Otherwise, it just calls broadcasting.

Fast case, before & after:

julia> @btime gradient(x -> sum(maximum(sqrt, x)), $(rand(30,30)));
  min 2.908 ms, mean 4.031 ms (21816 allocations, 9.29 MiB)  # before
  min 14.875 μs, mean 17.546 μs (52 allocations, 8.92 KiB)  # after

julia> @btime gradient(x -> sum(maximum(sqrt.(x))), $(rand(30,30)));
  min 17.500 μs, mean 25.453 μs (46 allocations, 36.83 KiB)  # just broadcasting, to compare

Before this PR, gradient(x -> sum(maximum(sqrt, x, dims=1)), (rand(30,30))) gives an error with Zygote. After, it is the same speed as broadcasting.

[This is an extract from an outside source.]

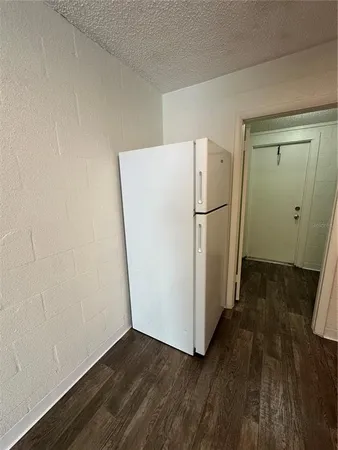 a view of a room with wooden floor and white walls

What doesn't seem easy now is testing the broadcast path.

First attempt

However, it only needs one such call, rather than one for every element. That means it ends up calling f say N^2 + 1 times for a matrix (or N^2 + N with dims). This is much more efficient than calling it via AD all N^2 times, saving the pullbacks somewhere, and calling just one. Not always faster than Zygote's current broadcasting (which uses ForwardDiff), but much less memory:

julia> @btime gradient(x -> sum(maximum(sqrt, x)), $(rand(30,30)));
  9.625 μs (73 allocations: 9.11 KiB)   # this PR
  9.333 μs (66 allocations: 8.95 KiB)   # this PR, with rrule instead of rrule_via_ad
  
julia> @btime gradient(x -> sum(maximum(sqrt, x, dims=1)), $(rand(30,30)));
  10.125 μs (34 allocations: 13.92 KiB)  # this PR, take 1
  15.208 μs (33 allocations: 29.31 KiB)  # this PR, with mask allowing multiple maxima
  17.166 μs (33 allocations: 29.31 KiB)  # with rrule instead of rrule_via_ad

julia> @btime gradient(x -> sum(maximum(sqrt.(x))), $(rand(30,30)));
  8.833 μs (48 allocations: 36.98 KiB)  # broadcasting with Duals

julia> @btime maximum(sqrt, $(rand(30,30)));  # forward pass
  1.438 μs (0 allocations: 0 bytes)

If this is OK, then perhaps the sum(f, x) rule from #441 should also consider calling f more times. There's a commit here doing that, which cuts the memory use by quite a bit. Perhaps there are functions f for which calling twice would be slower? Perhaps writing sum(f, x) vs. sum(f.(x)) is how you emphasise that you care more about memory? ~~(It may make sense to remove this & discuss sum in another thread.)~~ [Now removed here.]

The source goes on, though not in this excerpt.